Although many employers are interested in helping their employees become healthier, the reality is these efforts have to help reduce medical costs or increase productivity so these efforts are sustainable. Since, to date, few employers have data on productivity, the analysis then is focused on reducing medical spending. The correct analysis depends on the size of your population and the targeted audience, but a general analysis to determine if those engaged are costing less than persons who have similar risk on your plan would look something like the analysis below.
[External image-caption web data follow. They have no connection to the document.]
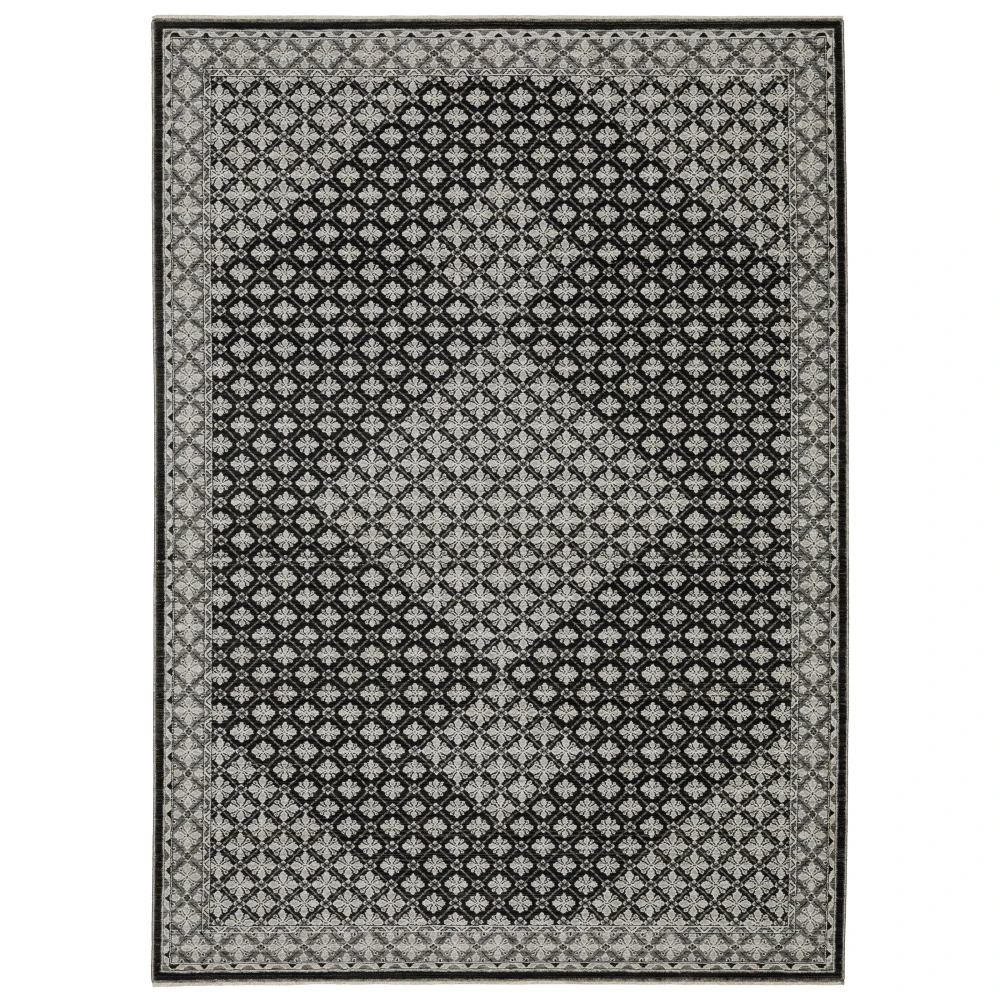 Chamberlain CH04A Black/ Grey Indoor Area Rug - 9'10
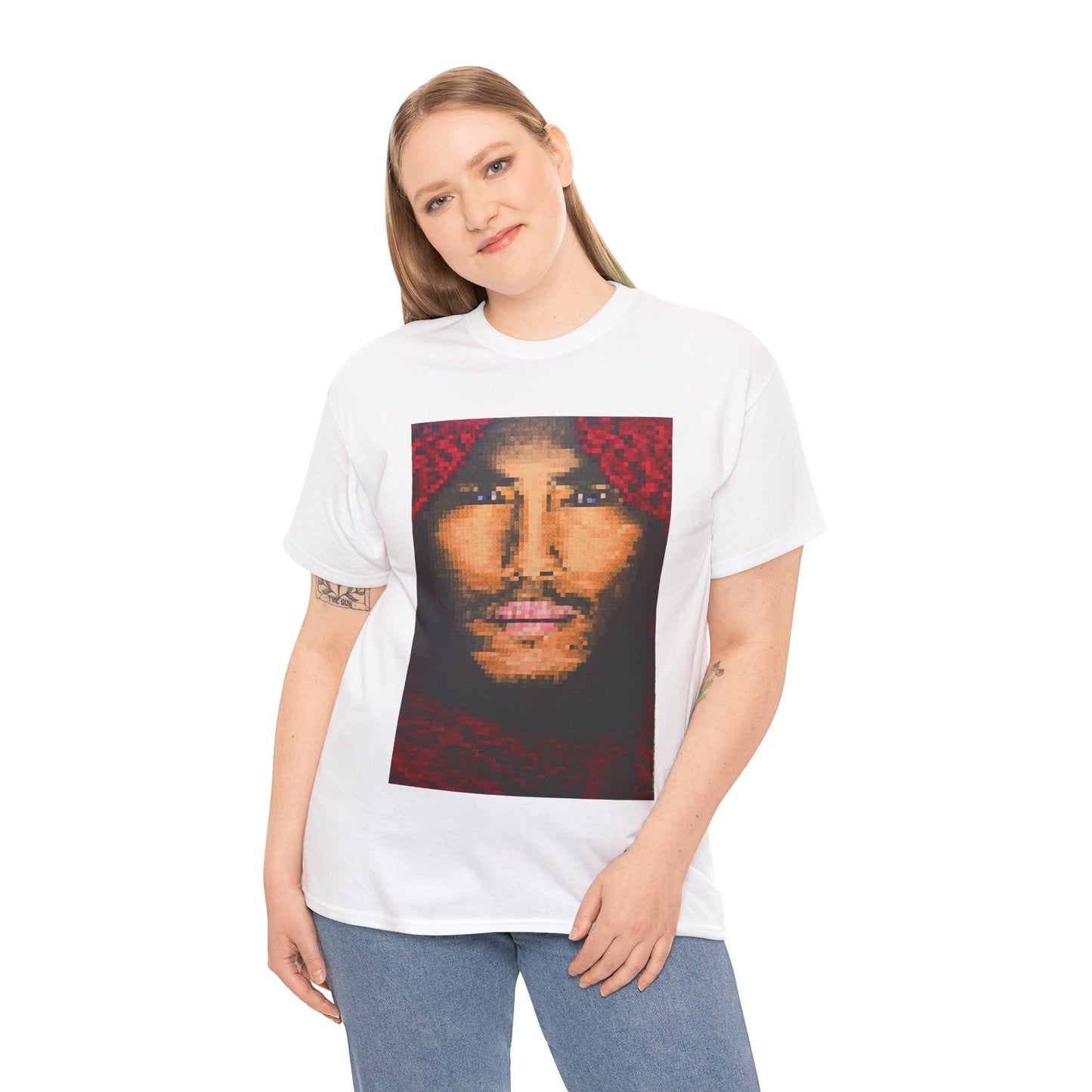 BOY IN A RED SCARF is a beautiful image created by individually coloured squares revealing a hauntingly beautiful face on this rt T-shirt.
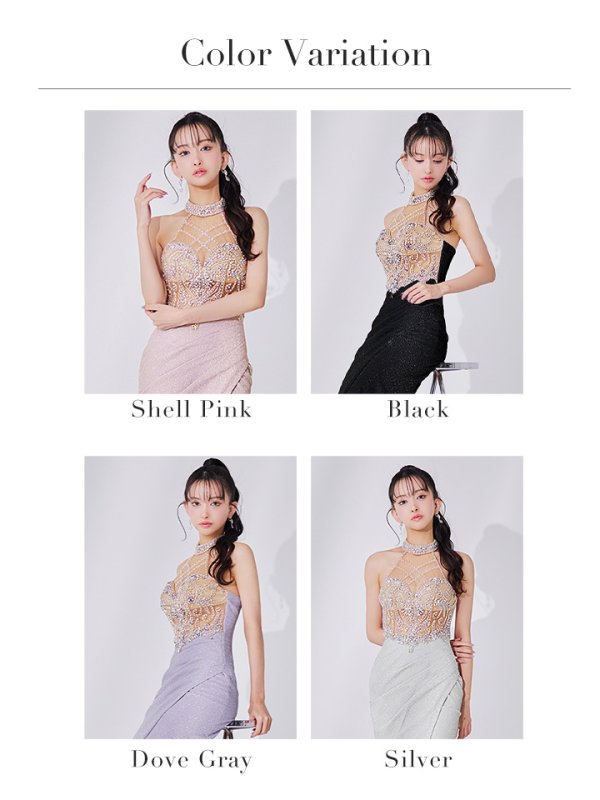 画像25: 【IRMA/イルマ】ビジュー/ シースルー/ ホルターネック/ ラメニット/ ストレッチ/ ロングドレス/ キャバドレス long[OF2A]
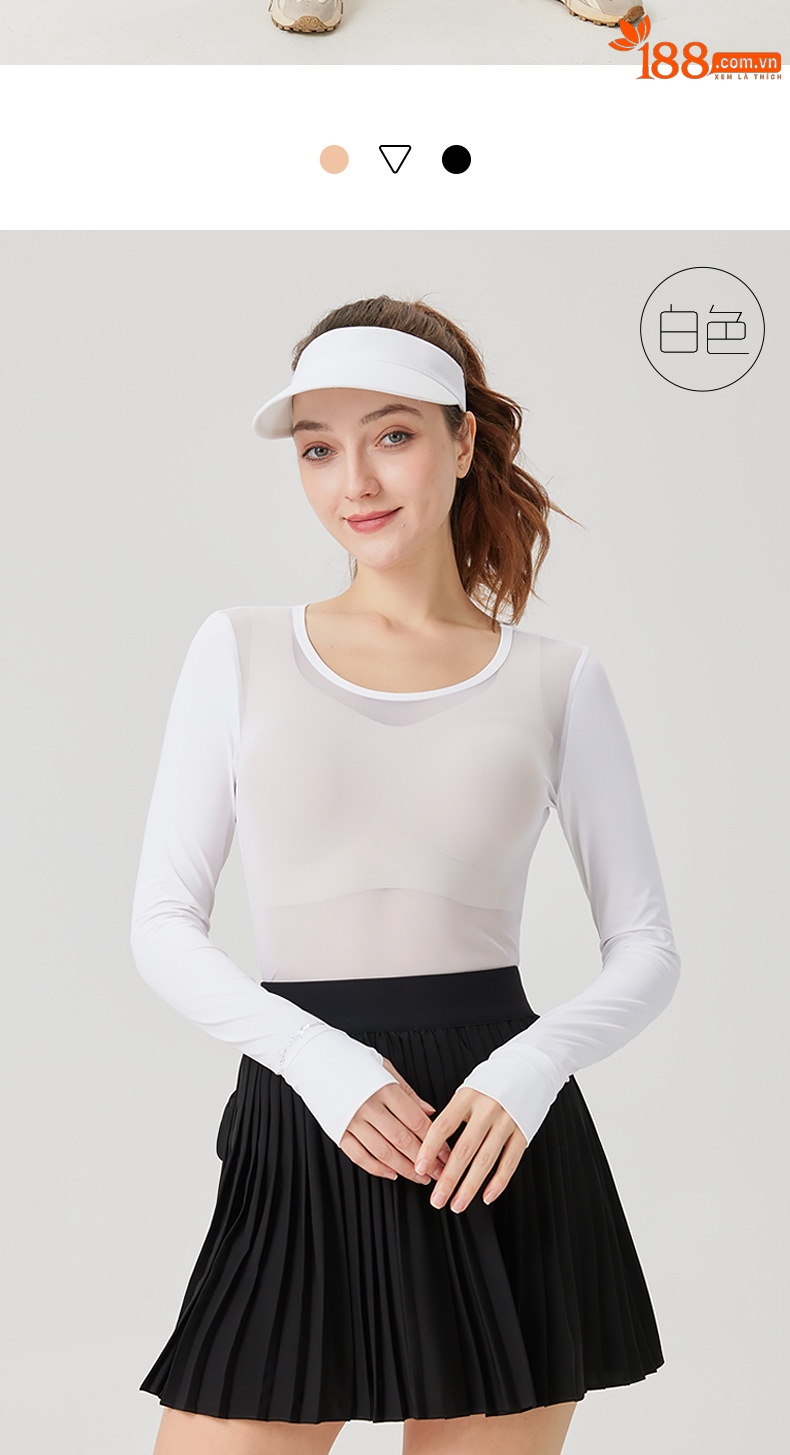 Áo chống nắng nữ dài tay UPF50 chất lụa lạnh thoáng khí — Màu da áo lót lụa băng [chống nắng UPF50/tay áo lụa băng/vải tuyn thoáng khí] YF799, Áo lót lụa băng màu đen [chống nắng UPF50/tay áo lụa băng/vải tuyn thoáng khí] YF799, Áo sơ mi trắng lụa băng [chống nắng UPF50/tay áo lụa băng/vải tuyn thoáng khí] YF799 chi tiết 4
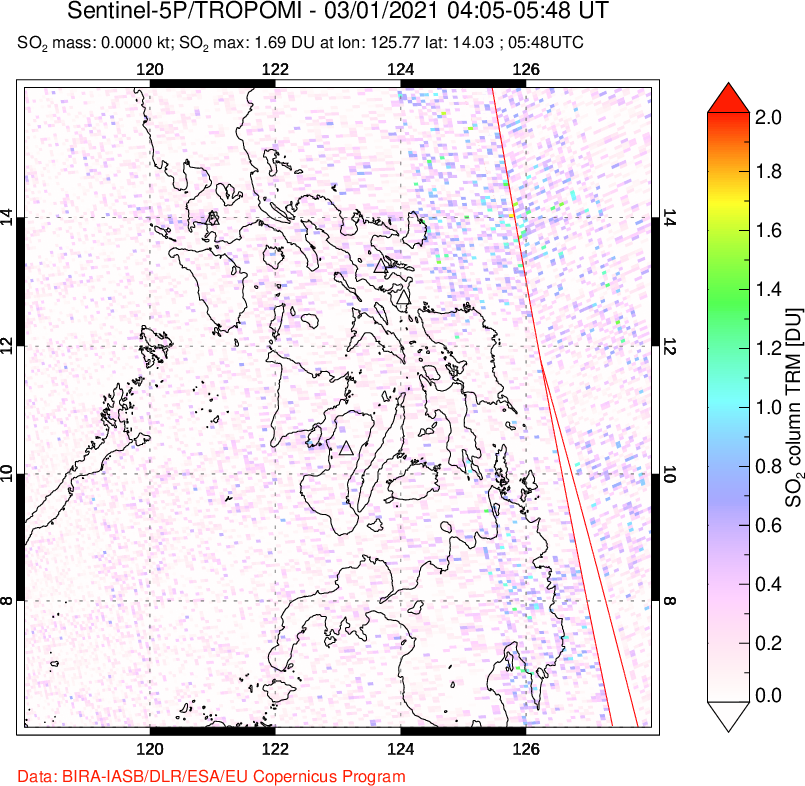 A sulfur dioxide image over Philippines on Mar 01, 2021.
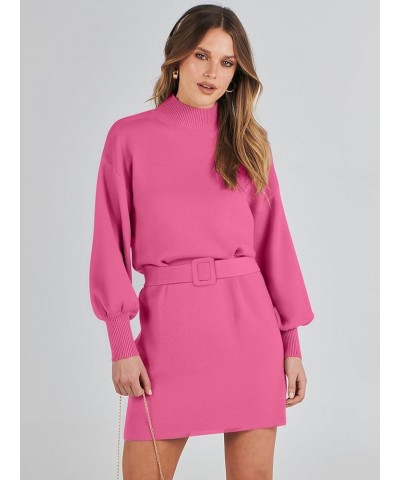 Women's Sweater Dress 2023 Winter Casual Long Sleeve Mock Neck Tie Waist Elegant Knit Mini Dresses Hot Pink $27.53 Sweaters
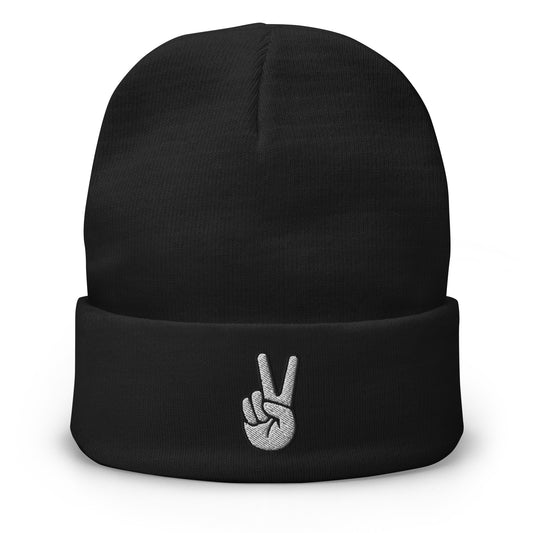 Black cuffed beanie with The V Sign for Victory Hand Gesture embroidered artwork, front view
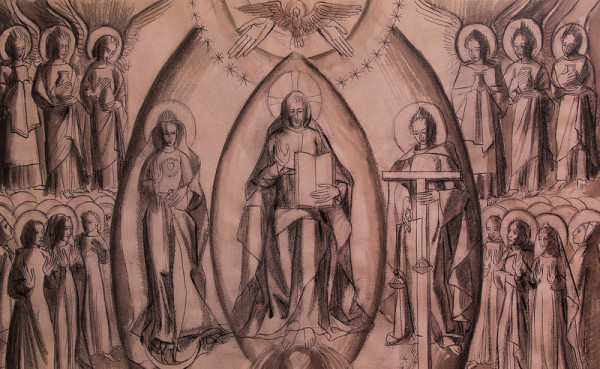 Untitled (Sketch of Jesus and Angels) by Constance Mary Rowe also known as Sister Mary of the  Compassion, O.P.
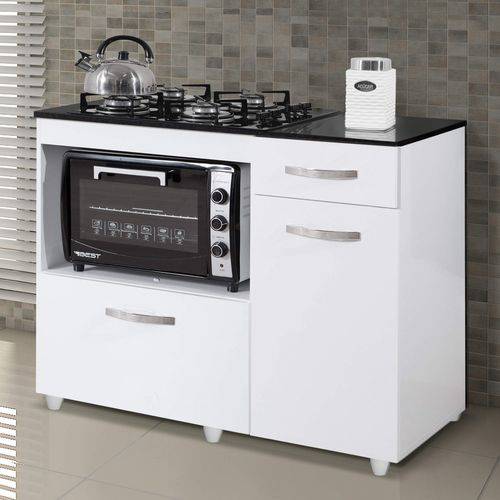 Balcão de Cozinha para Cooktop 2 Portas Violeta Kaiki Móveis Branco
participant engagement chart

If your program is targeted specifically on a disease state, then the impact on the cost to care for that disease state may be more appropriate. In the example below, the employer instituted a program to help asthmatics, and therefore, the analysis is related to the total cost to care for asthma comparing the year prior to the program to the year of the program. In this analysis, the impact is very clear.

Impact of Program on Cost for all ID-Asthma

The employer anticipated first year savings due to high emergency room (ER) utilization for persons with asthma and the report proved that along with ER utilization declining, the total cost of care for asthma significantly declined.

Summary

In summary, having a clear understanding of the expectation and desired outcomes and monitoring that impact throughout the year, we believe, drives better outcomes. When we first started analyzing outcomes of programs, the impact of many programs were far less impressive than vendor reports would allow us to believe. That false sense of security is not because they were trying to falsify information, but the reports did not provide enough detail to fully illustrate the impact. Most vendor partners don’t have access to all of the data to provide a full analysis and others will only show what makes them look good. But, if you identify the impact you need in order to achieve success, all parties involved focus on that priority and continually work to improve that impact. We believe that wellness programs can have an impact on a population culture, health and cost of care if appropriately managed.